If you are not fielding unsolicited opinions about your parenting, how do you even know you’re a parent?
Hearing “helpful advice” and commentary on parenting decisions is a daily, universal experience for most people with offspring, and it’s something we usually tolerate with a polite smile on our faces.
But occasionally a real response to the advice is required and we are driven to TOTALLY LOSE OUR SH*T.
This is the situation that Scary Mommy writer Elizabeth Broadbent found herself in recently regarding incessant commentary on the “unusual” names of her sons.
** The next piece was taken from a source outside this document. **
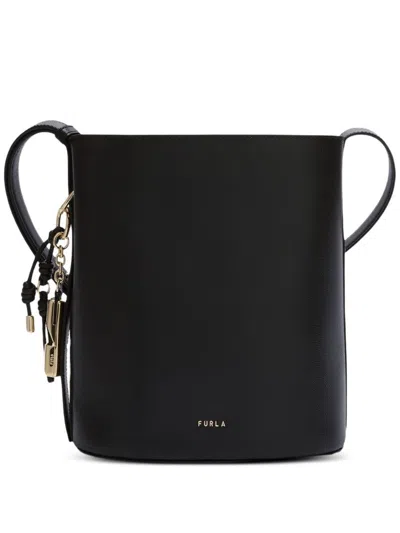 Furla Small Roxie Leather Bucket Bag In Black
Her frustration is clear in her recent piece on the Scary Mommy site called Yes, My Kids Have Weird Names, and IDGAF What You Think About That.
The mum-of-three, whose sons are called Blaise, Augustine and Simon, explains her choice of “unusual” names, even though, as she says, she shouldn’t have to.
“Yes, people mispronounce my kid’s names. My middle son is the worst: people say Au-gust-een instead of the proper Au-gust-in, which grates on my soul.”
She adds, “It’s so bad that I’ve taken to spelling it without the terminal e anywhere I can get away with it: name tags, doctor’s offices. This makes life easier for everyone. He has an easy nickname though — August — and no one fucks that up, thank God though they sometimes ask where September and October are. Not funny, done before, STFU thanks.”
Broadbent has also lost patience with people who don’t understand the name “Blaise”.